The United States and Canada are currently experiencing an unprecedented Arctic blast, characterized by extremely cold air masses originating from the Siberian Region of Asia. These masses have crossed over the North Pole, making their way into Canada and then south and east into the United States. This phenomenon has led to widespread life-threatening conditions across numerous regions, affecting over 200 million Americans.
The extent of the blast is remarkable, stretching from coast to coast in the U.S. It has brought with it a variety of severe weather conditions including blizzards, flooding, gusty winds, and hazardous ice. The southern regions of the U.S. are bracing for the worst part of the Arctic air, where temperatures have plummeted, bringing snow and strong winds that pose a significant risk of frostbite within minutes.
Record-breaking conditions have been a hallmark of this Arctic blast. For instance, Mount Washington in New Hampshire recorded a wind chill of minus 78 degrees Celsius (-108 degrees Fahrenheit), which is reportedly the lowest ever recorded in the United States. The air temperature at the peak reached an astounding -44 degrees Celsius (-47 degrees Fahrenheit) accompanied by extremely strong winds.
The impact of this Arctic blast has prompted several states to declare states of emergency, anticipating severe snow and dangerously low temperatures. Cities across the affected regions have taken emergency measures, such as opening warming centers and conducting outreach to ensure that homeless people are sheltered from the brutal cold. This situation is exacerbated by heavy snow cover over much of the Plains, which has insulated the cold wave, allowing the frigid air to move farther south and east than it would under normal conditions.
Concerns have also been raised about the potential strain on the electric grid, particularly in Texas.

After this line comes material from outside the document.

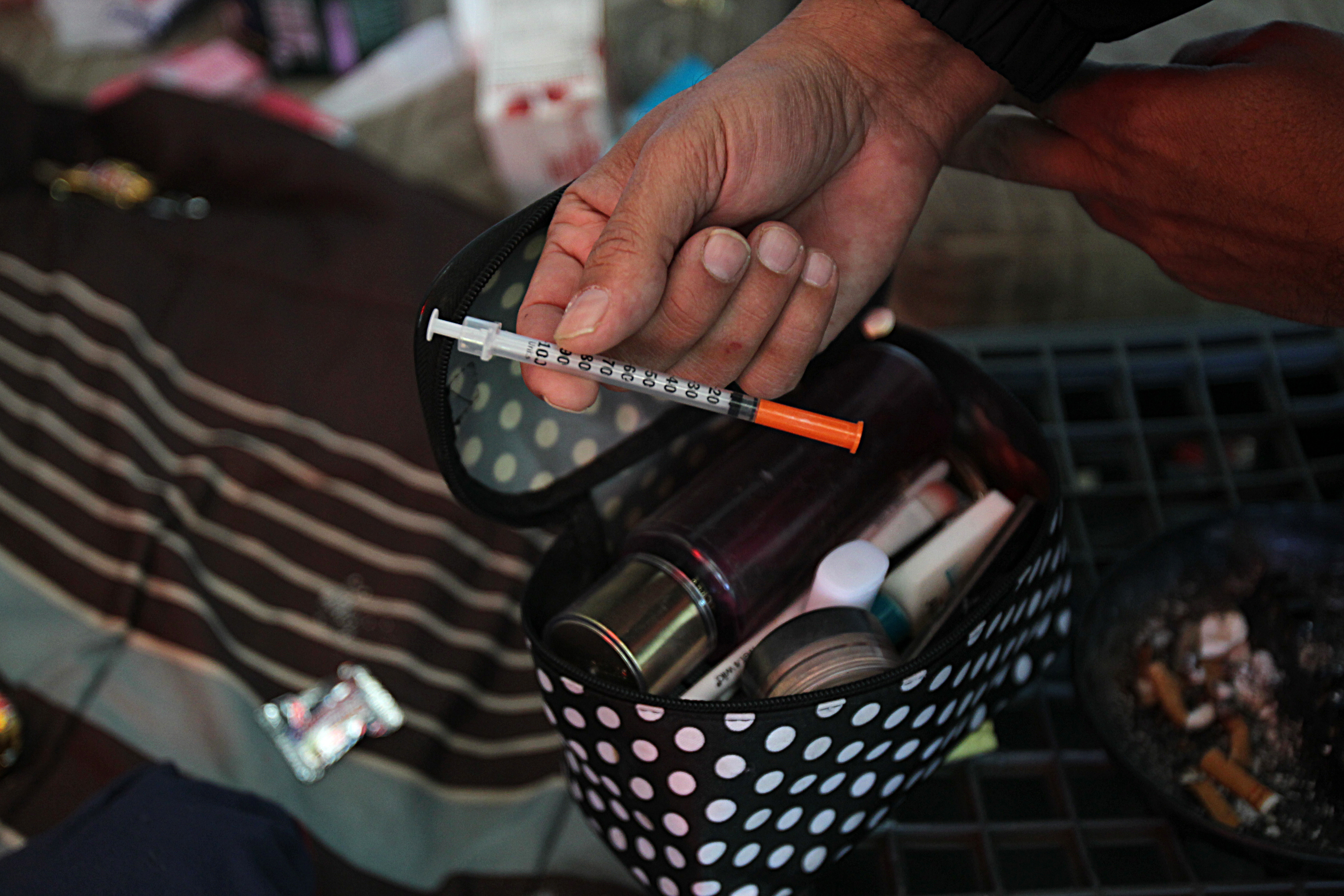 An outreach worker found a needle while searching a tent at the camp.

The state is bracing for high demand for heat as temperatures drop below freezing. However, unlike the incident in February 2021, forecasters do not expect widespread problems with the electric grid, as the duration of the freezing weather is anticipated to be much shorter.
The scientific explanation for this extreme weather event lies in the behavior of the jet stream — wobbling air currents in the middle and upper parts of the atmosphere. These currents have pushed the cold Arctic air down into Canada and the U.S. Additionally, a minor, sudden stratospheric warming event that occurred about two weeks ago in the Arctic contributed to slowing down the polar vortex winds, setting the stage for the current extreme weather conditions.